EXERCISE:
The response must reproduce every record in full.

DATA PROVIDED:
┏━━

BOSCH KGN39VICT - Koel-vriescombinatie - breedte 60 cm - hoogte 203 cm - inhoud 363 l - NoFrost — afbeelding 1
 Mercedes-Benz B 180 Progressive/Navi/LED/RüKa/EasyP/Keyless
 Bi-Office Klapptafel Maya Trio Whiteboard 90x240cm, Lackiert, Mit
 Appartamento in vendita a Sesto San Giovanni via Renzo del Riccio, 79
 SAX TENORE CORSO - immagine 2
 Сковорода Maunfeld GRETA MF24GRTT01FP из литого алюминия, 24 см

┗━━

SOLUTION:
BOSCH KGN39VICT - Koel-vriescombinatie - breedte 60 cm - hoogte 203 cm - inhoud 363 l - NoFrost — afbeelding 1
 Mercedes-Benz B 180 Progressive/Navi/LED/RüKa/EasyP/Keyless
 Bi-Office Klapptafel Maya Trio Whiteboard 90x240cm, Lackiert, Mit
 Appartamento in vendita a Sesto San Giovanni via Renzo del Riccio, 79
 SAX TENORE CORSO - immagine 2
 Сковорода Maunfeld GRETA MF24GRTT01FP из литого алюминия, 24 см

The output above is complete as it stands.